I have been testing this in my app and I haven't find any trouble. But I'm afraid of this synchronus behaviour because of old experiences with jQuery and AJAX.
My app gets a big amount of data from several tables in a database, and this requires a time. For each bunch of data retrieved from a table, I need to instantly process it to not delay the whole thing too much. Meanwhile, the user is interacting with the browser, so it can be blocked, and I thought that web workers would work fine.
Do you thing that this is a good solution? Or should I try with asynchronus requests?
Thank you.
I don't have hard facts, but since you asked for opinions... :)
There is a telling issue in Chrome: Too many Web Workers can cause a silent crash (caps ~60-100, according to this bug report). The general problem is Web Workers are resource intensive, at least with v8.

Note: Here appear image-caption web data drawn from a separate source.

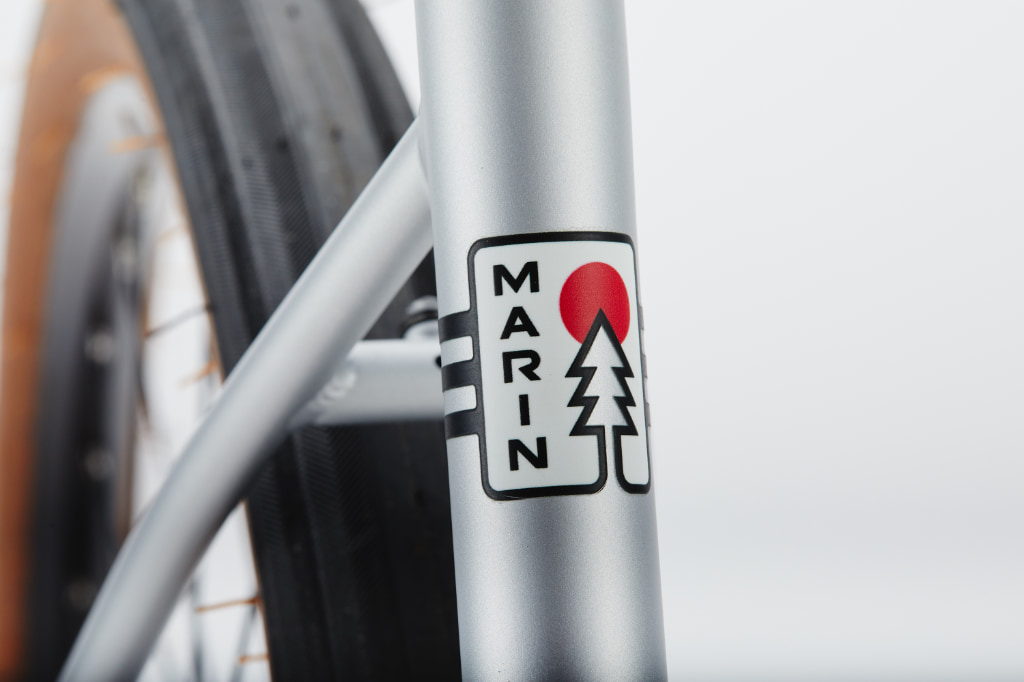 マリン MARIN25 NICASIO SE(ニカシオ) 50 MAT BLACK クロスバイク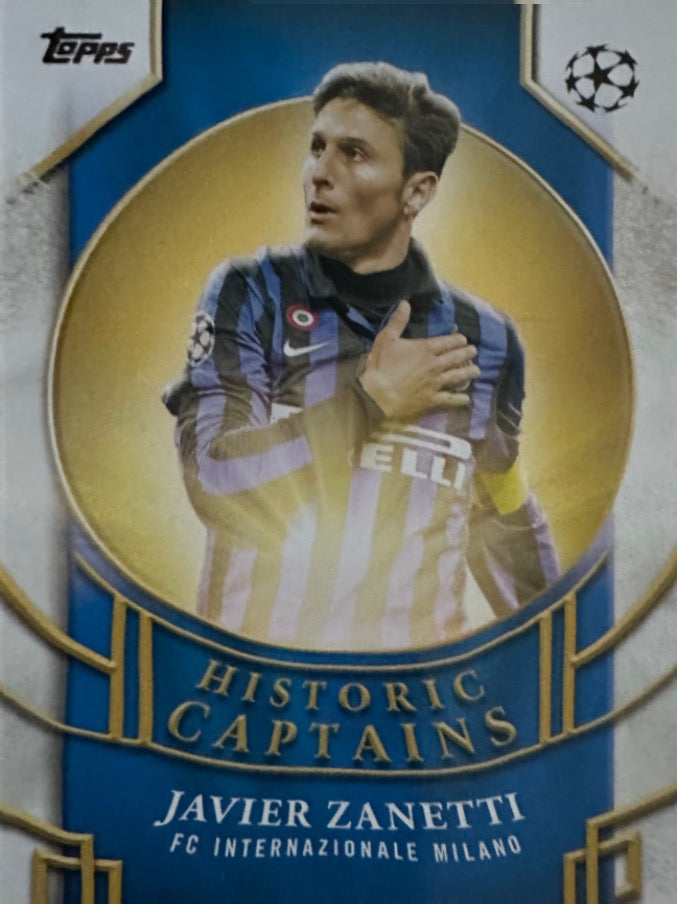 Topps UCC Uefa Club Competions mancolista - Scegli Card BOTB RF NE HC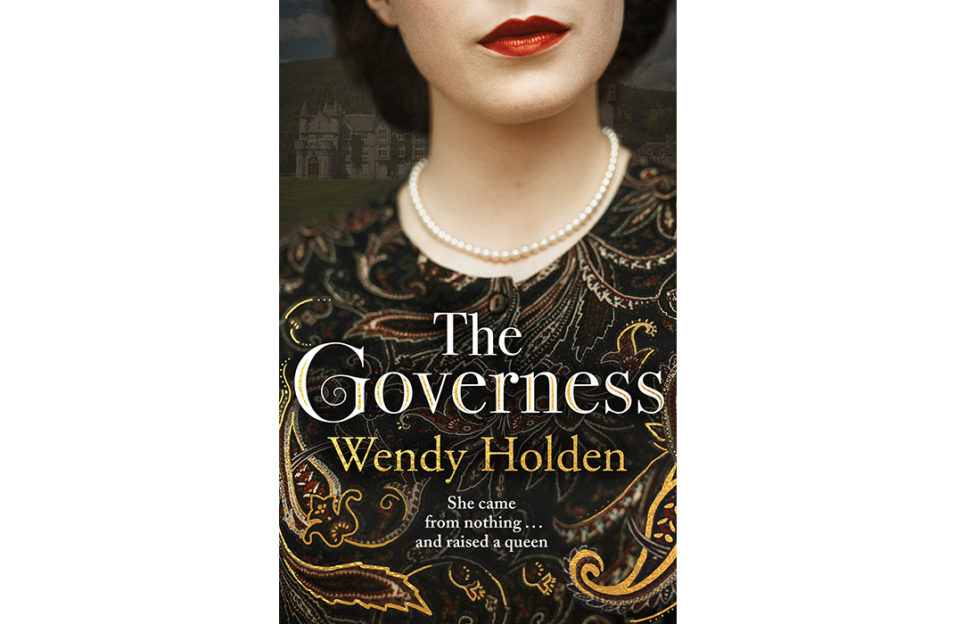 The Governess book cover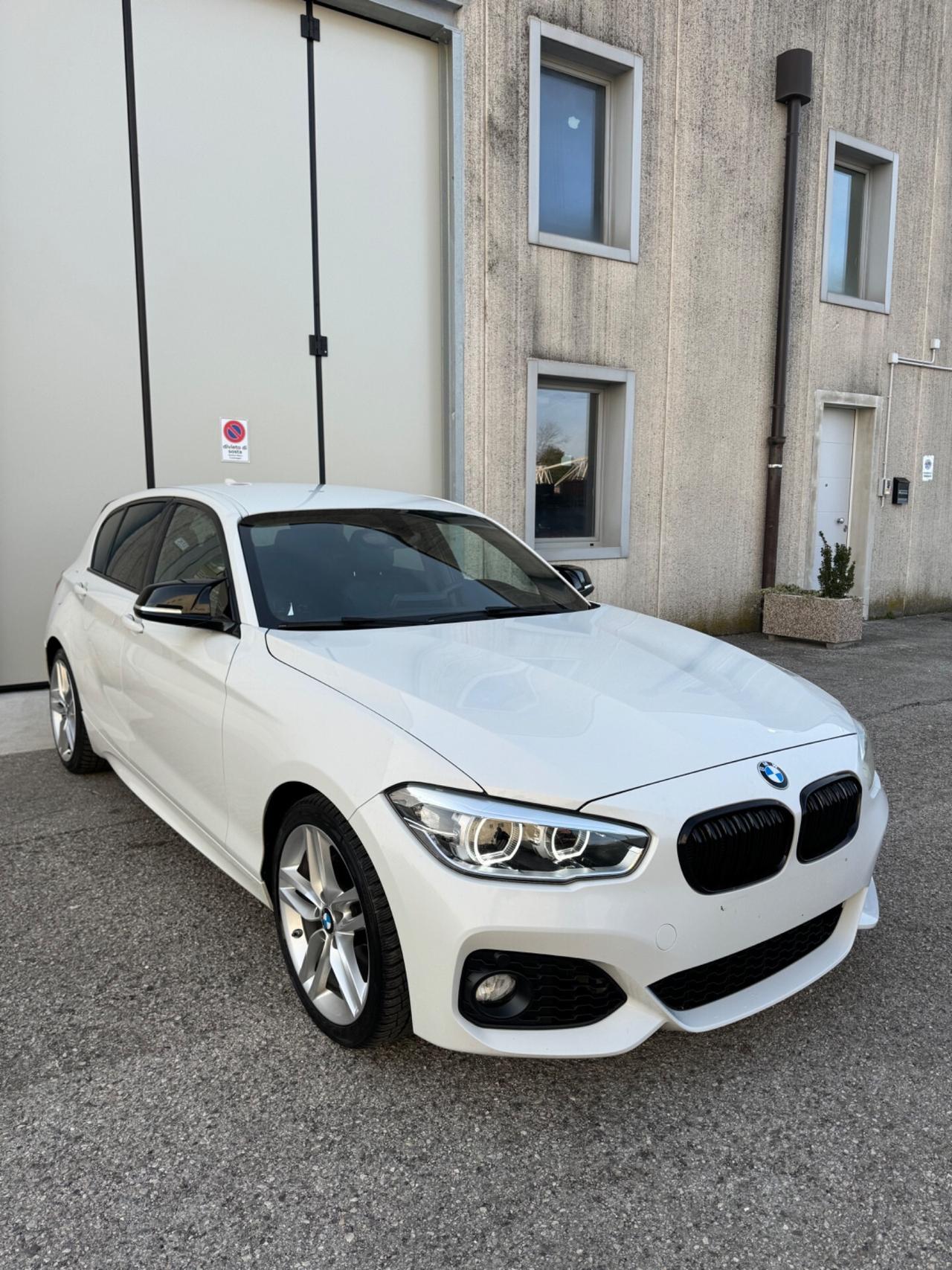Bmw 118 m-sport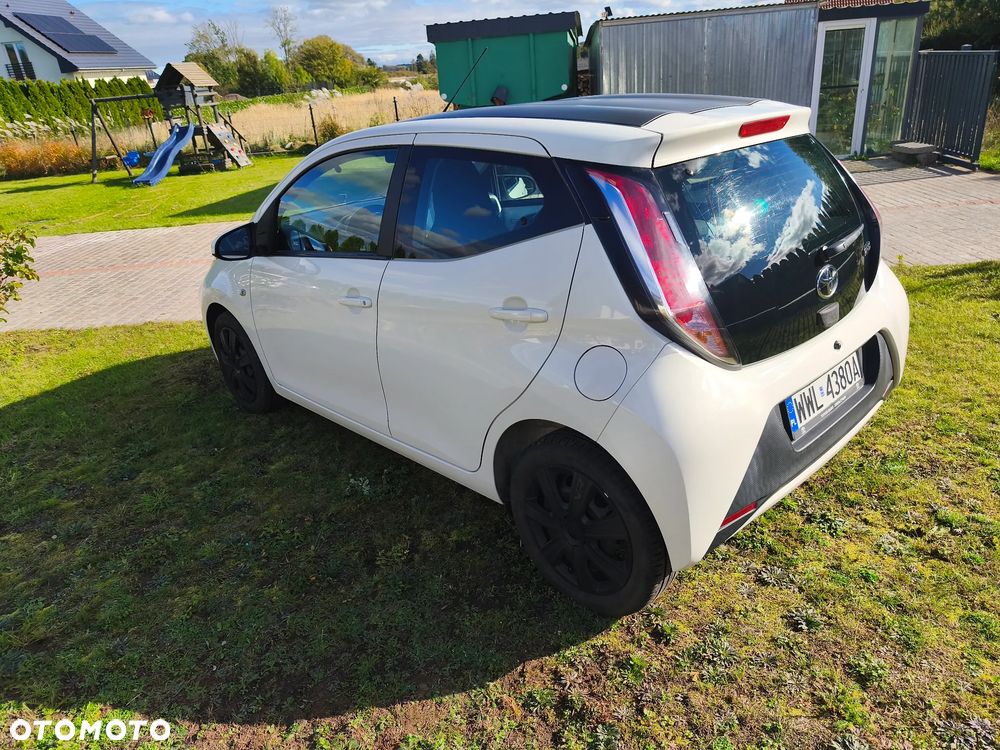 Toyota Aygo 1.0 VVT-i Sprint EU6 - 7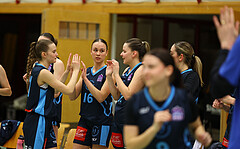 Basketball Damen Superliga 2024/25, Grunddurchgang 6.Runde Vienna United vs. Vienna Timberwolves


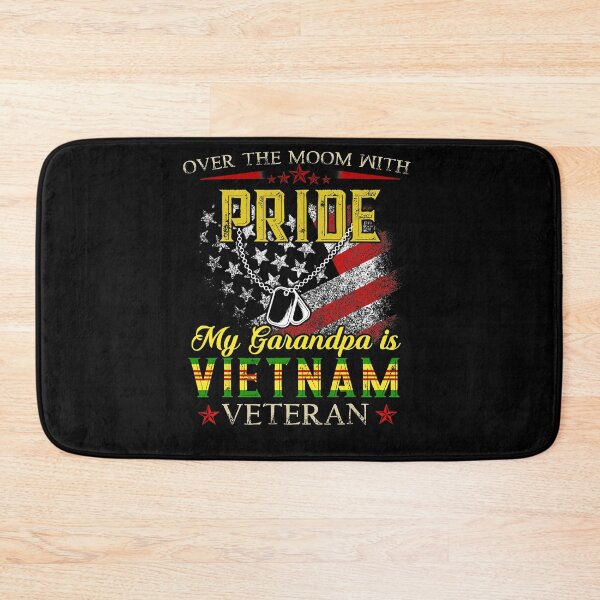 Item preview, Pride Grandpa Vietnam Veteran Gift Vietnam War  designed and sold by DosuIsora.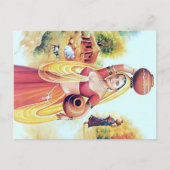 Indica Postkarte (Vorderseite)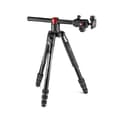 Miniatyrbild 3 av 4: Resestativ - Manfrotto - Befree GT XPRO - Svart aluminium - 4 sektioner - Kulhuvud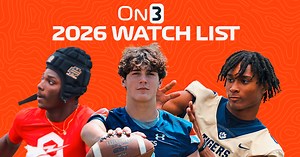 On3 2026 Football Prospect Watch List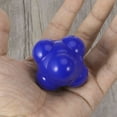 thumbnail image 2 of OULII Medium Difficulty Reaction Ball for Baseball Players Blue 1Pack, 2 of 7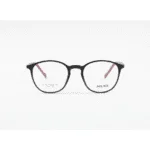 Police – 21108 – Red Black – Oval – Acetate – Eyewear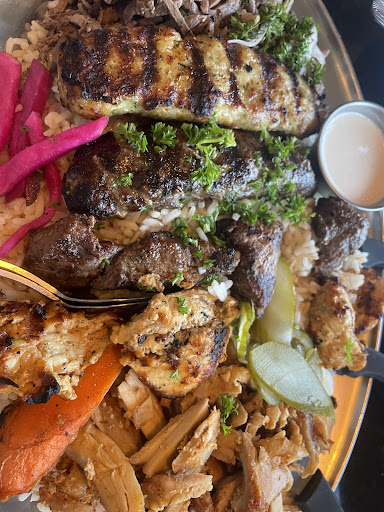 Photo of Lebanese Grill - 45278 Market St, Shelby Township, MI 48315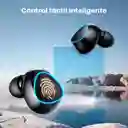 Audífonos Inalámbricos M10 Bluetooth 5.3 Con Pantalla Led Y Control Táctil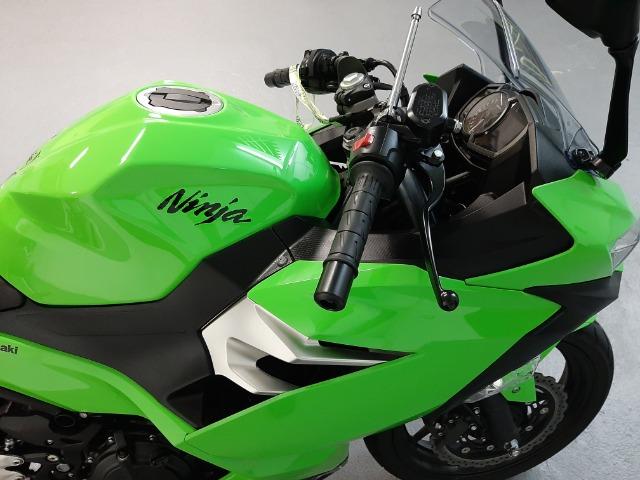 Kawasaki ninja 400 2019 ( moto como saiu da loja ) - Foto 10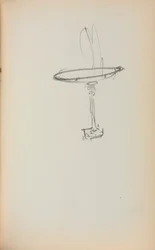 Italian Sketchbook: Fountain Page 145, 1898-1899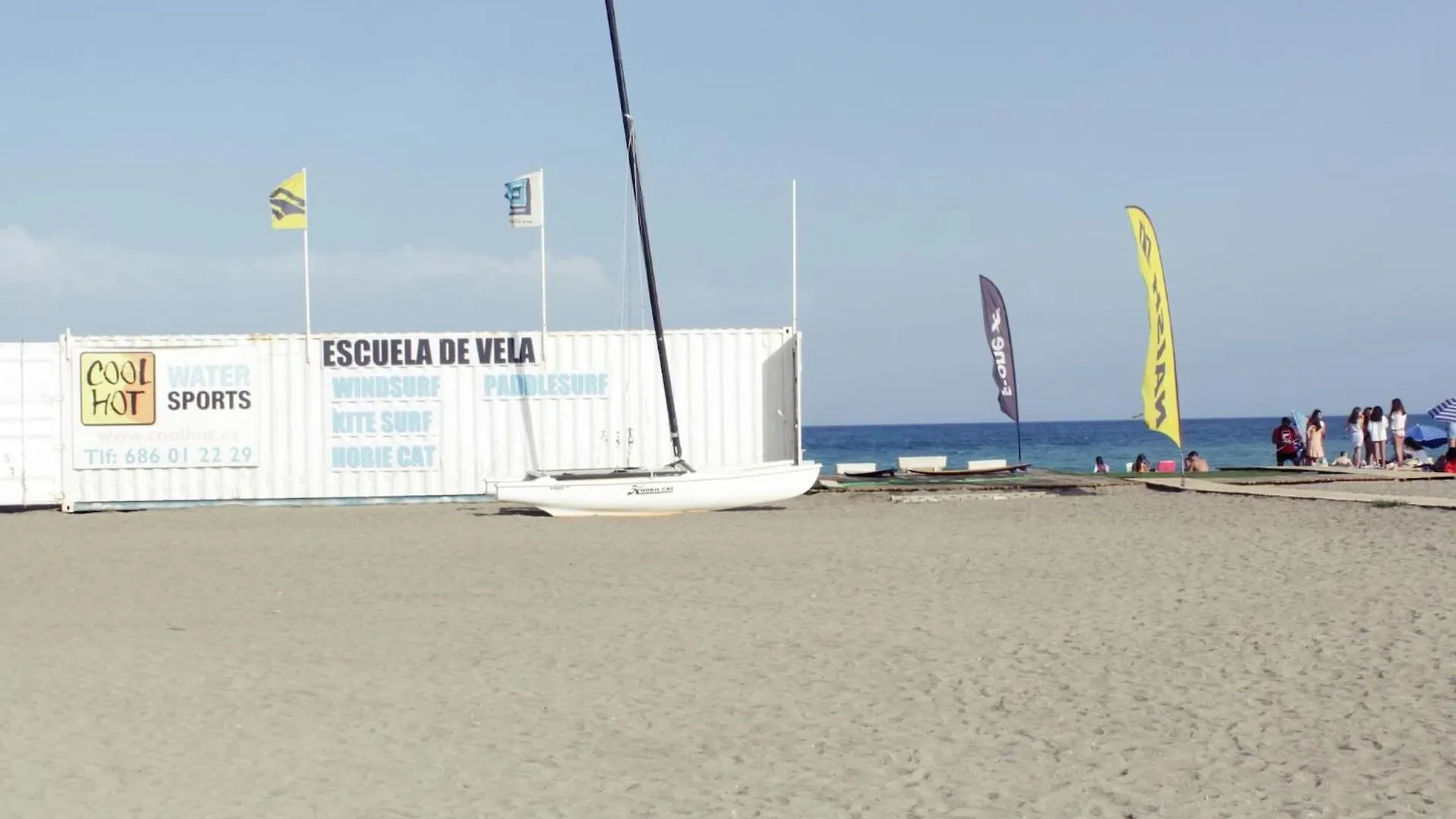 Precioso Apartamento Los Álamos Playa Golf Torremolinos España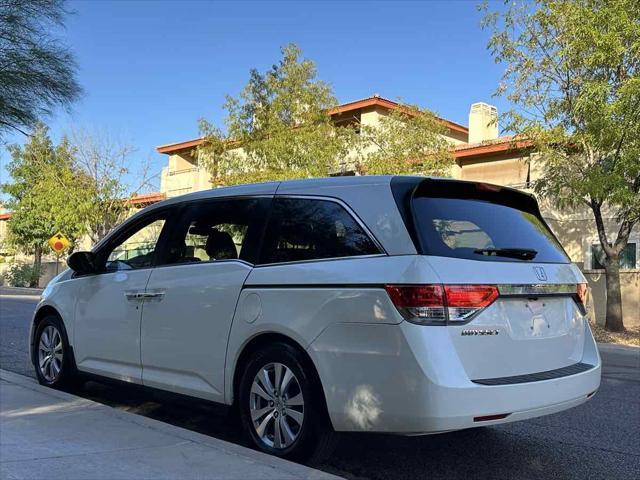 used 2015 Honda Odyssey car, priced at $13,900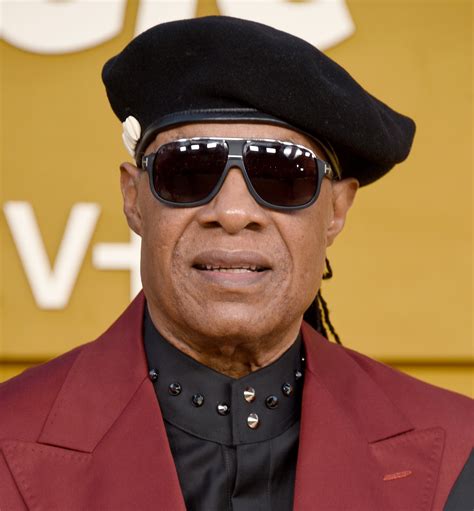 5 Iconic Moments from the Life of Legendary Stevie Wonder on His 72nd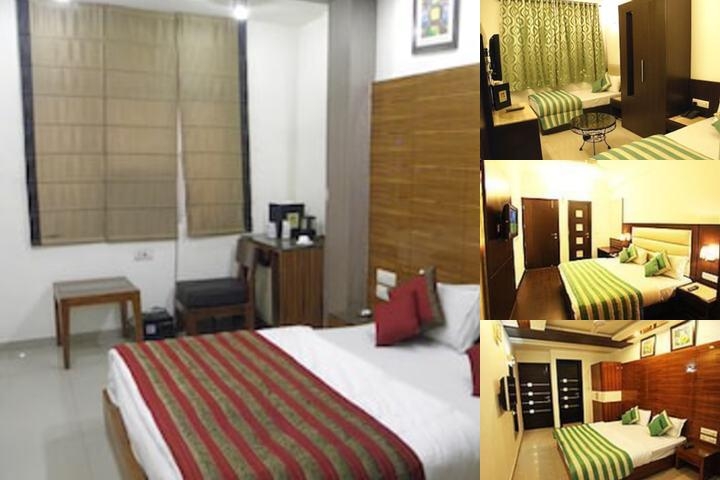 Hotel Chanchal Continental photo collage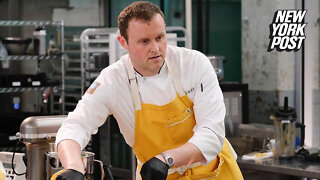 'Top Chef' contestant loses his taste to COVID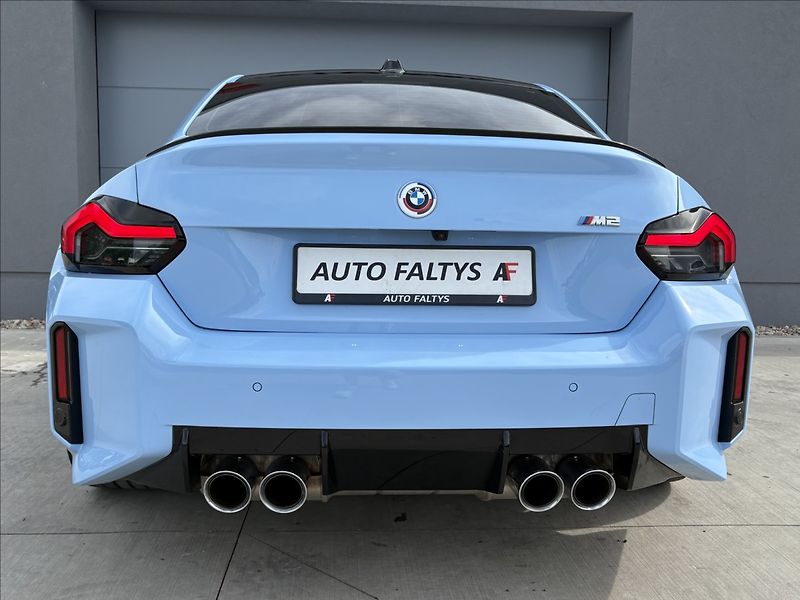 BMW M2 338 KW servis. sml. záruka - fotka 9 z 39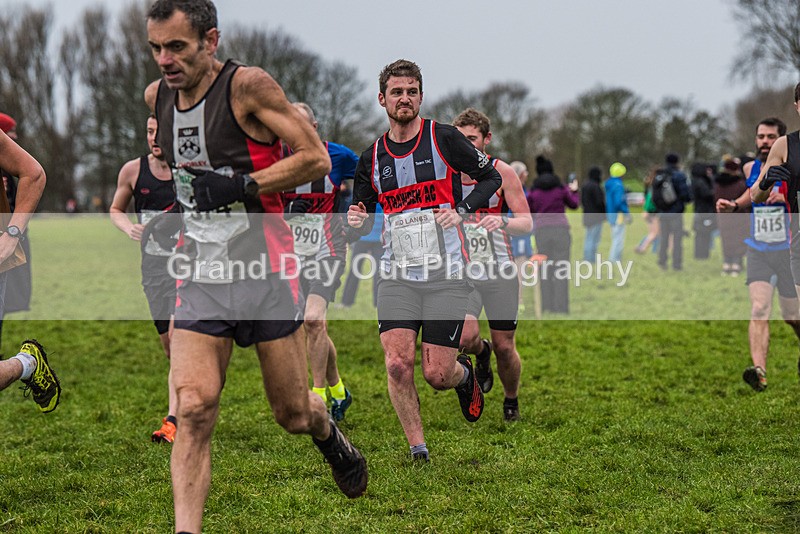 Blackpool-532 - Mid Lancs XC Blackpool Saturday 13th January 2024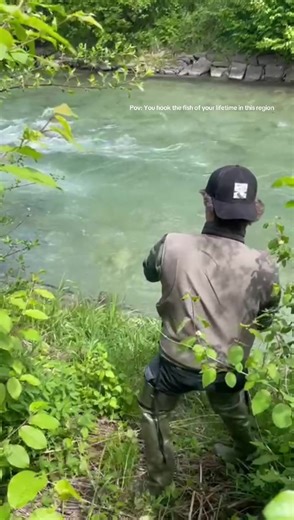 Catch the Biggest Fish of Your Lifetime with Us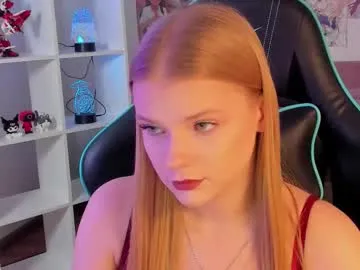 lilitrosen — your beloved is online again #blonde #shy #natural #young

Assuming you're going to end up making multiple HTTP calls, if you're doing synchronous HTTP calls in a Web Worker:
In a sense, you're trading asynchronous HTTP calls for asynchronous Web Workers, which will only be adding another intermediary into the mix and you still have to manage things asynchronously.
If you go the simpler and more resource efficient route and only use one Web Worker you'll spend a lot of time waiting for it to give you responses.
If, on the other hand, you use multiple Web Workers you will likely need to keep track of which one is free, which one is busy, etc., in which case you will be creating a home-grown scheduler instead of using what comes baked into the browser.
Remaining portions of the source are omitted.